Documentation for our databases can be found on our Process documentation page
https://github.com/PopHIVE/Ingest/blob/main/status.md
https://dissc-yale.github.io/dcf/report/?repo=PopHIVE/Ingest
The data shown on PopHIVE.org are found in the Ingest project project in the ./Data/bundle_*/dist/ subfolders. The files are stored in either parquet or compressed csv format. If using R, parquet files can be downloaded using the arrow package in R. For example:
library(arrow)
ds1 <- read_parquet(url1)
compressed csv can be downloaded with vroom::vroom() in R:
ds2 <- vroom::vroom(url2)
In general, the data closest to the source data are found in the 'value' column. Some datasets also include a 3 week moving average (value_smooth), and a smoothed value, scaled to between 0-100 (value_smooth_scale). The data in 'value' are generally drawn directly from the source data. Exceptions include:
-
In some datasets where national level data were not provided by the source, a national average is calculated using a population-weighted average.
-
For Epic Cosmos, if the data are based on fewer than 10 counts, the cell is suppressed. For visualization purposes, this is filled in with a value halfway between 0 and the minimum value reported for that state. These values are indicated with suppressed_flag=1.

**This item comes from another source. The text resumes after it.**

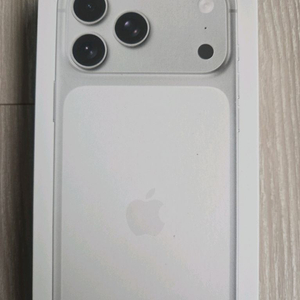 (미개봉) 아이폰17 프로 256GB 실버 자급제입니다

Time-stamped archives of the data are available in the Pulled Data folder.
Can I re-use the data from PopHIVE?
Yes! Much of the data are drawn from publicly available Federal datasets obtained from CDC or data.gov. Other data, including the results of research performed using Epic Cosmos or the data available through Google Health Trends, can be used with appropriate attribution. A suggested citation relating to this data is 'Results of research performed with Epic Cosmos were obtained from the PopHIVE platform [url for Github corresponding to the specific data source].’
Please cite the use of data from PopHIVE and the original source. the DOI for PopHIVE is
Who is it for? PopHIVE is designed for a broad audience: - Members of the public who want to understand what’s happening in their communities. - Clinicians who need to anticipate trends and adjust care. - Public health departments and local governments who need up-to-date data to allocate resources. - Researchers, journalists, and advocates working to tell stories and drive policy change. - Policy makers and decision-makers who need to understand the basics of who, what, and where about health issues occurring in the areas they serve.
Can you show ZIP code-level data? Because the data is de-identified, we can’t always go down to ZIP code level, especially for sensitive conditions like STIs or mental health outcomes. For some topics, like asthma or heat-related illness, we can show more granular data. Our data team is constantly working to expand local detail while protecting individual privacy.
Will you show additional conditions in the future? Yes. PopHIVE is evolving based on user needs and feedback. As high-quality, de-identified data becomes available, we plan to expand condition-specific dashboards, such as those for diabetes, maternal health, and behavioral health. Please provide us feedback on what you’d like to see here.
How do I know the data is accurate or reliable? PopHIVE’s data team continually evaluates the quality and representativeness of the data. In some cases (like diabetes Hemoglobin A1C data), completeness varies, and we are committed to transparency about what the data can and can’t tell us. This is an evolving platform, and we're building new functionality and insights over time.
How are you using electronic health record data from Epic? Isn’t that a violation of HIPAA? PopHIVE doesn’t change any rules or regulations around health data sharing. We only use de-identified, aggregate data, following all existing privacy laws. We’re not sharing individual patient records—we’re simply making existing public health trends more timely and accessible for the public good.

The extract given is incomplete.